Les Chutes refusent de tout montrer, mais aussi de faire entendre l’effet cinglant du contact des objets cassants sur la surface ferme. Cet impact, on le présume particulièrement important dans le cas de la séquence au grand miroir nommée Chutes (miroir). Le motif du miroir n’engage pas ici un propos spéculaire sur le dispositif photographique, car il agit plutôt comme un écran sur lequel apparaît le reflet de la pièce. Dans sa chute, le miroir fait défiler différentes vues du lieu et additionne ainsi un autre mouvement à celui déjà rythmé par la séquence. On sait du reste que cette mise en abîme du lieu sera réduite à néant lorsque le miroir heurtera le plancher. Or, cet instant ultime n’est pas montré.

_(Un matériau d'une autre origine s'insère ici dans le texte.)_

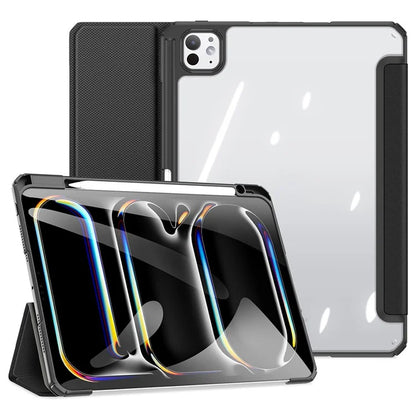 DUX DUCIS TOBY Series For iPad Pro 11 (2024) Case PU Leather Business Tri-fold Stand Tablet Cover with Pen Holder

On pourrait voir dans ces chutes une traduction de l’idée de la dépense chère à Georges Bataille . En effet, cet exercice a nécessité le sacrifice de plusieurs objets, les soumettant à une pure perte. Le gaspillage apparaît d’autant plus grand dans le cas du grand miroir qui aura servi qu’une seule fois, qui aura été hissé sur un échafaud, puis délibérément lâché dans une chute à la rapidité indéniable. Ainsi, tout le plaisir tiré de ce jeu, toute la satisfaction à voir cette destruction, est malicieusement magnifié en empêchant sa représentation explicite. Dans une courte œuvre vidéo , Bélanger a par ailleurs réuni grâce à un montage serré tous les impacts visuels des chutes ainsi que leurs sons respectifs. Fracas des matériaux, rires et exclamations compriment l’exultation éprouvée lors des séances de chutes libres.
Mais on aurait tort de réduire le travail de Bélanger à l’idée de destruction et du morcellement de la figure, car en effet ce qui préside après tout dans ces séries, ce sont le montage et les opérations qui l’accompagnent, à savoir la sélection et la juxtaposition des plans. Le confirme d’ailleurs une série de 2004 intitulée Polyèdres où un icosaèdre, un cube et un dodécaèdre, notamment, sont recomposés sur une surface plane à partir de matériel photographique. Chacune des arêtes des polyèdres d’abord dessinées sur un patron ont été ensuite relocalisées dans des images issues du quotidien de l’artiste. Un processus similaire est également à l’œuvre dans La trouée, composition photographique murale clonant l’espace de la galerie Graff, à Montréal, où l’œuvre était montrée. Un atelier de bois et son fatras ont d’abord servi de répertoire de droites en tout genre dans lequel l’artiste a puisé avec son appareil photo afin de reconstruire sur une surface plane le volume de la pièce. Malgré la disparité des « matériaux » de base, la configuration de Graff apparaît aux yeux du récepteur grâce à la fine compréhension qu’a l’artiste des lois perspectivistes. Seule une large surface dépourvue d’arêtes a échappé à la mise au carreau, d’où cette trouée magnifique qui a donné son titre à l’œuvre. Tout comme la linéarité de la durée étaient minées dans les Chutes, les volumes représentés dans ces œuvres récentes oscillent entre l’effet unifiant de la gestalt et la discontinuité des motifs qui les constituent. Dans un cas comme dans l’autre, il y a reconfiguration du banal.